_LISTED ENTRIES_:
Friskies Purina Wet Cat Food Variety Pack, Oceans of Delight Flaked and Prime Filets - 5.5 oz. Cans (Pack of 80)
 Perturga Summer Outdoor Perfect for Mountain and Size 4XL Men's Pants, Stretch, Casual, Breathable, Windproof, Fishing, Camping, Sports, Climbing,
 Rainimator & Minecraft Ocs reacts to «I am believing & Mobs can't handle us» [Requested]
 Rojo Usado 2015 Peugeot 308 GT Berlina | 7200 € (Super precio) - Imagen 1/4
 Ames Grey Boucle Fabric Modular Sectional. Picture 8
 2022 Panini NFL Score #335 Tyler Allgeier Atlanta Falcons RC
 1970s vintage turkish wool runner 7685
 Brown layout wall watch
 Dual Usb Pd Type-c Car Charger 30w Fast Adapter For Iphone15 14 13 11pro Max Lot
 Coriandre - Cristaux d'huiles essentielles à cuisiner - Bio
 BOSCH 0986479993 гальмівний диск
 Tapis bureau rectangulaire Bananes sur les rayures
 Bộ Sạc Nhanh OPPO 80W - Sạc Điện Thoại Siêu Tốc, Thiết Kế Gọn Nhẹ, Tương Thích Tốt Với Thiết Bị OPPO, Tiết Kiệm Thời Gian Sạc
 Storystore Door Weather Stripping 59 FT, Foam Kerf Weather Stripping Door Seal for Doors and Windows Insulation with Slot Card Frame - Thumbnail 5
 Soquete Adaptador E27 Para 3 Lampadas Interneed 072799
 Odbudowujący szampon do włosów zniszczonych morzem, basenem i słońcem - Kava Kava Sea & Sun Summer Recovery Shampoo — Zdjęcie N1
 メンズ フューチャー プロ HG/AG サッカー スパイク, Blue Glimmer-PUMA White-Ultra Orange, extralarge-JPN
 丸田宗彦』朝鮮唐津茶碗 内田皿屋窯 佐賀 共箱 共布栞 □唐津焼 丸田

_EXERCISE GOAL_: Each line of the listing is to be printed again, unchanged.

_SOLUTION FOR THIS PROBLEM_:
Friskies Purina Wet Cat Food Variety Pack, Oceans of Delight Flaked and Prime Filets - 5.5 oz. Cans (Pack of 80)
 Perturga Summer Outdoor Perfect for Mountain and Size 4XL Men's Pants, Stretch, Casual, Breathable, Windproof, Fishing, Camping, Sports, Climbing,
 Rainimator & Minecraft Ocs reacts to «I am believing & Mobs can't handle us» [Requested]
 Rojo Usado 2015 Peugeot 308 GT Berlina | 7200 € (Super precio) - Imagen 1/4
 Ames Grey Boucle Fabric Modular Sectional. Picture 8
 2022 Panini NFL Score #335 Tyler Allgeier Atlanta Falcons RC
 1970s vintage turkish wool runner 7685
 Brown layout wall watch
 Dual Usb Pd Type-c Car Charger 30w Fast Adapter For Iphone15 14 13 11pro Max Lot
 Coriandre - Cristaux d'huiles essentielles à cuisiner - Bio
 BOSCH 0986479993 гальмівний диск
 Tapis bureau rectangulaire Bananes sur les rayures
 Bộ Sạc Nhanh OPPO 80W - Sạc Điện Thoại Siêu Tốc, Thiết Kế Gọn Nhẹ, Tương Thích Tốt Với Thiết Bị OPPO, Tiết Kiệm Thời Gian Sạc
 Storystore Door Weather Stripping 59 FT, Foam Kerf Weather Stripping Door Seal for Doors and Windows Insulation with Slot Card Frame - Thumbnail 5
 Soquete Adaptador E27 Para 3 Lampadas Interneed 072799
 Odbudowujący szampon do włosów zniszczonych morzem, basenem i słońcem - Kava Kava Sea & Sun Summer Recovery Shampoo — Zdjęcie N1
 メンズ フューチャー プロ HG/AG サッカー スパイク, Blue Glimmer-PUMA White-Ultra Orange, extralarge-JPN
 丸田宗彦』朝鮮唐津茶碗 内田皿屋窯 佐賀 共箱 共布栞 □唐津焼 丸田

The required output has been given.